Ce n’est pas Dieu que je hais, c’est la mort avec laquelle l’ennemi frappe ma maison.

Si Dieu estime que je suis assez forte pour le supporter, Lui seul en est juge. Lui seul sait pourquoi.

Non, Seigneur, ce n’est pas à Toi que je tiens rancune, mais à mon ennemie. Cette mort inéluctable qui me nargue et détruit ce que je croyais avoir. Et c’est aussi un peu à moi-même, car je n’ai pas su préserver la vie. Mais qui est l’homme pour se battre contre la mort ?

La mort arrive toujours à l’heure où l’on ne l’a pas invité, où l’on ne songe même pas à elle. Elle est là, elle s’invite et vient voler ce qui ne lui appartient pas.

La mort est une vantarde, elle a plus d’un tour dans son sac et arrive toujours à ses fins. Un semblant de victoire remporté contre elle – lorsqu’elle menace de pointer son nez – ne garantit pas la fin de la guerre.

Pourquoi ne sait-on pas à l’avance qui et quand elle vient prendre ? On prendrait mieux soin des êtres que l’on aime, on les chérirait plus, on les surveillerait. Et on aurait la chance de leur faire de beaux adieux.

Mais au lieu de cela, c’est quand le corps est froid et que l’âme n’est plus à l’intérieur que l’on vient dire au revoir. Et bien sûr, l’être qui repose en silence n’est plus en mesure d’entendre notre sanglotant discours plein de regrets.

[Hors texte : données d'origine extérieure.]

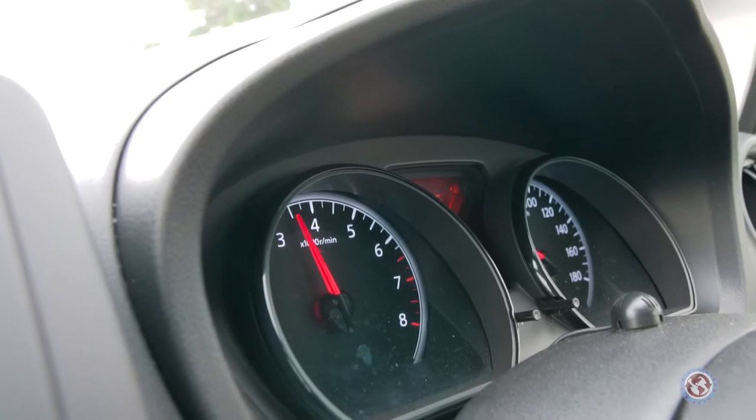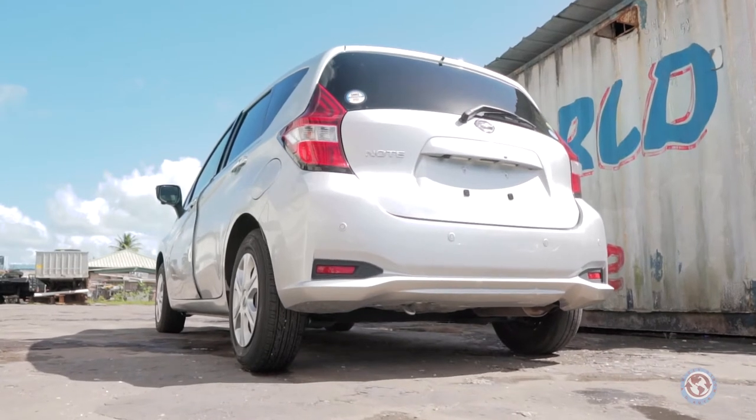This vehicle can actually go 0 to 62 miles per hour in a matter of 11.8 seconds. So even though it's a 1.2 liter engine, it doesn't feel lacking when it comes to speediness, torque, and overall efficiency.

A-t-on encore envie de vivre quand la Faucheuse vient nous faucher notre amour ?

A-t-on encore envie d’aimer et de se battre ?

A ceci je répondrai une seule chose : rien ne se passe sous le soleil sans la permission de Dieu. S’Il a le droit de donner, Il a aussi le droit de reprendre.

Quelle leçon en tirer ? Que l’homme est de bien basse condition et que, même s’il se prend pour Dieu en croyant maîtriser la vie, la maladie, la guérison, il restera toujours – aussi longtemps que dure encore ce monde – assujetti à la mort.

C’est une leçon d’humilité et de foi : si la vie sur terre est si fragile, si on ne peut rien en espérer qui dépasse ses faibles limites, alors on a besoin de Dieu et de Sa promesse qui s’avère être notre seule consolation.

Ennemie impitoyable, tu penses donc me prendre tout ce que j’ai ! Tu crois ainsi me détourner de Dieu ?

Je t’entends qui ricane : « Comment un Dieu d’amour peut-Il laisser crever ceux que tu aimes ?! »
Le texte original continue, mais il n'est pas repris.